BILL, Second Reading, 14 November 2012 My Lords. In putting any speech together I have always tried to be logical. Most of all I have always wanted there to be a beginning, a middle and an end to what I have to say. In addition in any speech I give, I try to have a linking theme. But with this speech I am all over the place.

This Enterprise and Regulatory Reform Bill is such a hotch potch without any discernible theme - there is certainly no beginning, no middle and no end - it just feels to me that everything that defies classification elsewhere, has been thrown together and given a fancy name. My Lords - in vain have I searched for the kitchen sink.

I have chosen to speak on three sections of the Bill - the Green Investment Bank, Employment and Directors Remuneration. My Shadow brief is SMEs and where possible I will refer to this very important sector in our economy.

The Green Investment Bank is a good thing and I must compliment the Government for setting up this bank - well trailed as it was by the previous Government.

Choosing winners is a much discredited activity and we as a nation have had our fair share of companies that have been backed by Government and which have subsequently failed. But choosing industries is a different matter. The green sector is one such sector that the UK should actively pursue.

The desire to lessen our dependency on hydro-carbons has always been driven by several factors - the reduction of CO2 emissions being the most prominent. We have only to see the continuing extremes in weather patterns to know that massive forces are changing our climate. Maybe one benefit of Hurricane Sandy will be to drive home to one of the major centres of world finance that these natural phenomena are caused by global warming and the consequences are very painful.

But there have also been geo-political reasons to develop alternative energy. Oil and gas tend to be located in inhospitable locations and often in inhospitable countries. But suddenly things are changing.

I read that the United States is now expected to become the largest producer of oil and gas in the world by 2020. Due to new techniques in extraction such as fracking - America expects to become self sufficient very quickly.

This will have a major change in world politics, but it will also have a major effect on the economics of green energy production. Oil prices could well fall and if they do some of the economic incentive for alternative energies will also fall.

Despite that new companies developing new green technologies are growing at a rapid pace. It is said that in Silicon Valley a third of new investment is being channeled into the green sector. Other countries such as Germany are also pursuing green technologies.

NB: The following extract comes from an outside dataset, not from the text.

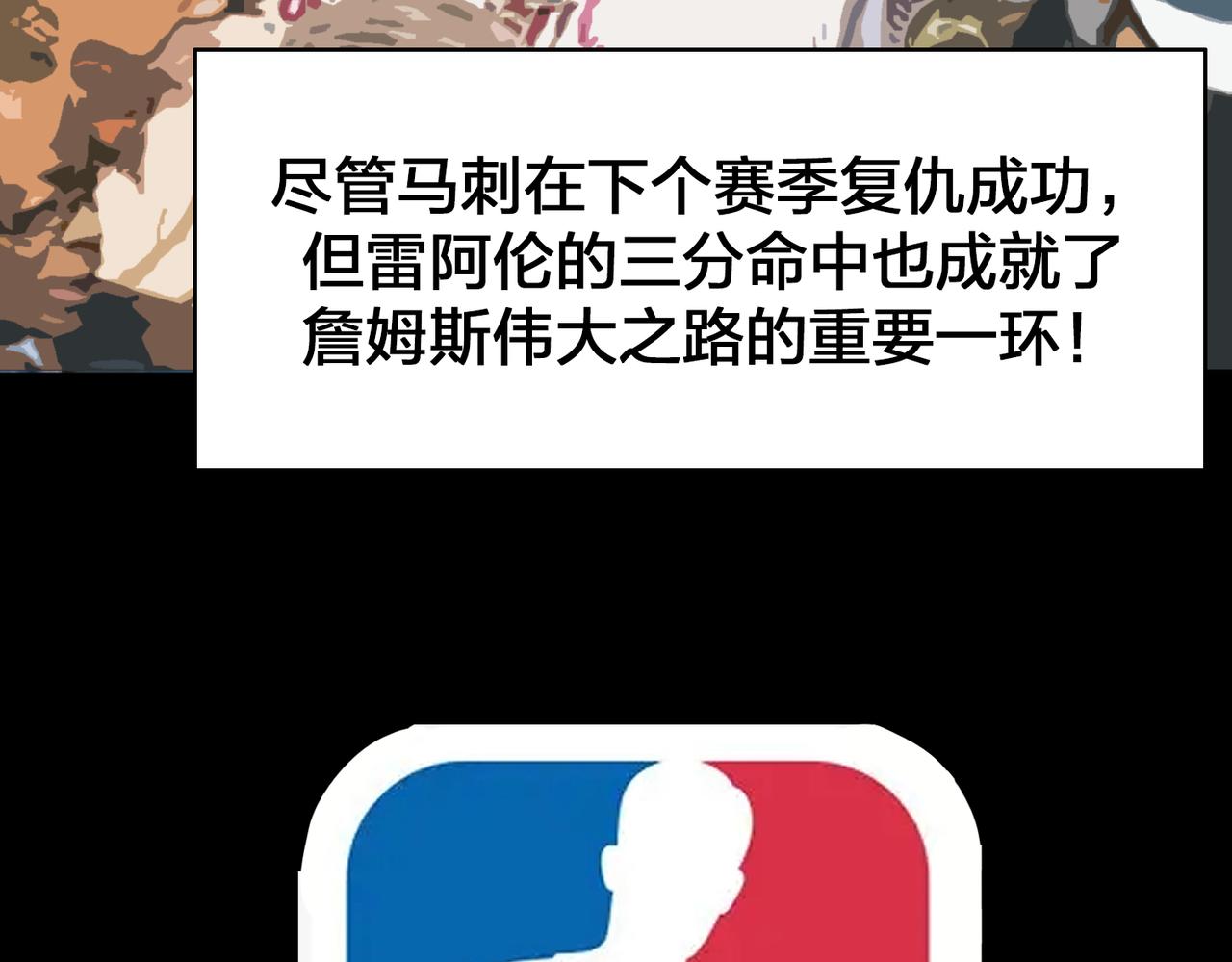 第78话 胜局已定(1/3)-第83话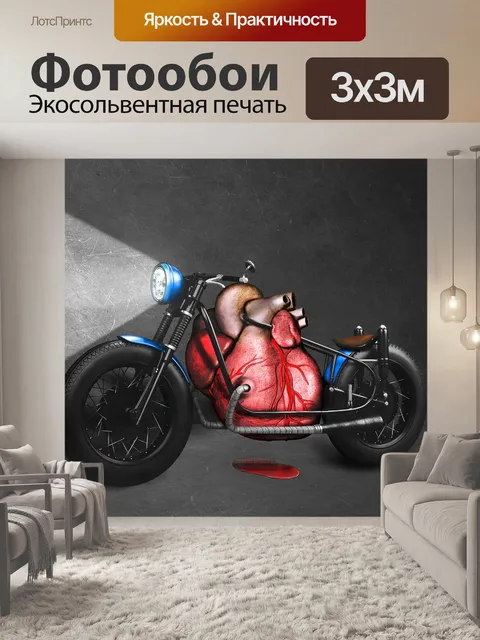 Фотообои Красная кровь на синий мотоцикл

The Green Investment Bank will have an initial equity funding of 3 billion, and we welcome the news that the Government has now obtained State aid approval for this investment, but the Government have failed to set a date for when the Bank will be able to borrow, telling us only that it could be 2015. To be effective we need certainty on this

My Lords certainty is one of the key components of our economic recovery and there is not much of it around at the moment. Just look at the Government's reply to the oral question asked this morning by my noble friend Baroness Worthington. The Government's reply was all over the place and even now I do not know whether they do or do not support onshore wind farms.

My Lords as I say my brief is SMEs - we all know how important they are to our future growth, but also how often they lose out from government initiatives and from public sector purchasing. The GIB could well be another grand project that will by-pass the SME sector. So let me ask the minister will the GIM be given a clear directive to direct a certain proportion of its funding to SMEs?

My Lords a year or so ago a very small charity that I was chairman of found itself in a messy employment situation. Without going into the rights and wrongs of the matter we decided to terminate an employee just over the 12 month period. We found ourselves in a grievance situation.

We were definitely in the wrong in that we had not followed the exacting procedures of employment law to the letter, but we only employed five people and we were like many charities living in a hand to mouth existence. Money was always short and demands were always great.

In common with many small organisations we did not have a human resources department and our personnel policies were rudimentary. I dont think we were much different from many other small enterprises.

I am a businessman and my natural instincts are when faced with a problem to find a solution quickly and get on with it. It will surprise no-one that in this situation this course of action was not open to me.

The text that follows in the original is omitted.